• **ASSIGNED TASK**
Retype, exactly as they appear below, the lines between the line holding "Á hậu 3Miss" and the line holding "Diagnosis and treatment", both ends included.

### RECORDS FOR THIS EXERCISE ###

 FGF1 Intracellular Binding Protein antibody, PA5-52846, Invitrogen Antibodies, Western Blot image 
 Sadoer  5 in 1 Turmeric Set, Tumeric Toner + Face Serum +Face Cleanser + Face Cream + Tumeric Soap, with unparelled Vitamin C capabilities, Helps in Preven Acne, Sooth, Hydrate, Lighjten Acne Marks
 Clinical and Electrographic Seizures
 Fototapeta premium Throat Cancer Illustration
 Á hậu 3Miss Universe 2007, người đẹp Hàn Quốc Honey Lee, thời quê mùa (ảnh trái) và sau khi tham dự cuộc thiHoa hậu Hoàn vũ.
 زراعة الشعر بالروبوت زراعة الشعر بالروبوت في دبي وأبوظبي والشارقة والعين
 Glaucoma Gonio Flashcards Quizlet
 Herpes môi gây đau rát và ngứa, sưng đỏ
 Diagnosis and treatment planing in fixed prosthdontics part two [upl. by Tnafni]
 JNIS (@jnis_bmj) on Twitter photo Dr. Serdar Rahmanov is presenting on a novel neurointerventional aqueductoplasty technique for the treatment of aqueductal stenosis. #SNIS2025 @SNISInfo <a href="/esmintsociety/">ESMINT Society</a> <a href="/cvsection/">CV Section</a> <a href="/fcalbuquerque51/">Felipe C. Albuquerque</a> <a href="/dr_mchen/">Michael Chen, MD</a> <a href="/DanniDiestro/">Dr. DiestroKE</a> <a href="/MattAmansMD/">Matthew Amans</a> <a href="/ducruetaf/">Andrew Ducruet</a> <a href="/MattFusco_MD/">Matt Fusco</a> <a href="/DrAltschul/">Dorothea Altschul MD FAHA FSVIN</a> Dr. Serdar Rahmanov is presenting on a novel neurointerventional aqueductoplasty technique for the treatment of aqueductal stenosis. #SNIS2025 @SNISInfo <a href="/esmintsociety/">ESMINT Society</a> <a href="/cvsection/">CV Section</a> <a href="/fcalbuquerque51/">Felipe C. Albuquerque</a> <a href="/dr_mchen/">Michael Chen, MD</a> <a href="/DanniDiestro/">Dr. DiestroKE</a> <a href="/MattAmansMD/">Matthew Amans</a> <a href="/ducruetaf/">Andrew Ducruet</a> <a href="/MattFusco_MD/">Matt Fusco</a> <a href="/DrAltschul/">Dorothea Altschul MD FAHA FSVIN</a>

###

• **RESULT OF THIS EXERCISE**
 Á hậu 3Miss Universe 2007, người đẹp Hàn Quốc Honey Lee, thời quê mùa (ảnh trái) và sau khi tham dự cuộc thiHoa hậu Hoàn vũ.
 زراعة الشعر بالروبوت زراعة الشعر بالروبوت في دبي وأبوظبي والشارقة والعين
 Glaucoma Gonio Flashcards Quizlet
 Herpes môi gây đau rát và ngứa, sưng đỏ
 Diagnosis and treatment planing in fixed prosthdontics part two [upl. by Tnafni]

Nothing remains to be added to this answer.